Search code examples
scikit-learngradient-descent

SGDClassifier save loss from every iteration to array


When I train a SGDClassifier in scikit-learn, I can print out the loss value from every iteration (setting verbosity). How to store the values into an array?


Solution

  • Modifying the answer from this post.

    import numpy as np
    from io import StringIO
    import matplotlib.pyplot as plt
    from sklearn.linear_model import SGDClassifier
    from tensorflow.keras.datasets import mnist
    
    (x_tr, y_tr), (x_te, y_te) = mnist.load_dataset()
    x_tr, x_te = x_tr.reshape(-1, 784), x_te.reshape(-1, 784)
    

    Intercept the printed output by the SGDClassifier

    old_stdout = sys.stdout
    sys.stdout = mystdout = StringIO()
    

    Set the model to print its output by setting verbose to 1.

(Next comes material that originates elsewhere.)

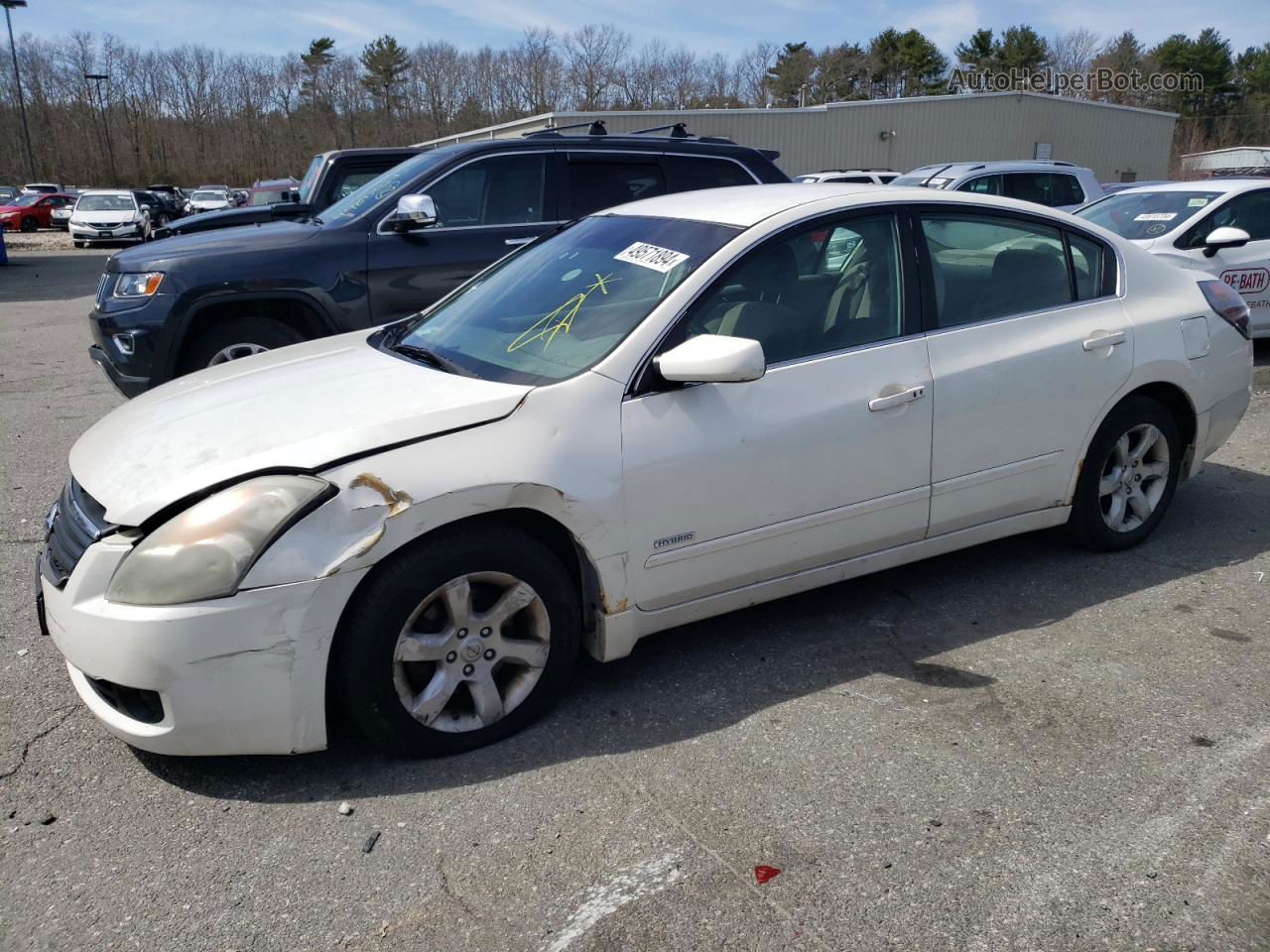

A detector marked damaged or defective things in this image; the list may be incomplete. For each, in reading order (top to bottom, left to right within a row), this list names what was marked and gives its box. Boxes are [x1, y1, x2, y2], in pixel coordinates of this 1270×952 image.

cracked headlight [114, 272, 165, 298]
cracked headlight [106, 474, 329, 607]
cracked asphalt [2, 249, 1270, 948]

    clf = SGDClassifier(verbose=1)
    clf.fit(x_tr, y_tr)
    

    Get the output of SGDClassifier verbosity

    sys.stdout = old_stdout
    loss_history = mystdout.getvalue()
    

    Create a list to store the loss values

    loss_list = []
    

    Append the loss values printed which is stored in loss_history

    for line in loss_history.split('\n'):
        if(len(line.split("loss: ")) == 1):
            continue
        loss_list.append(float(line.split("loss: ")[-1]))
    

    Just to show the graph

    plt.figure()
    plt.plot(np.arange(len(loss_list)), loss_list)
    plt.xlabel("Time in epochs"); plt.ylabel("Loss")
    plt.show()
    

    To save the loss values to an array,

    loss_list = np.array(loss_list)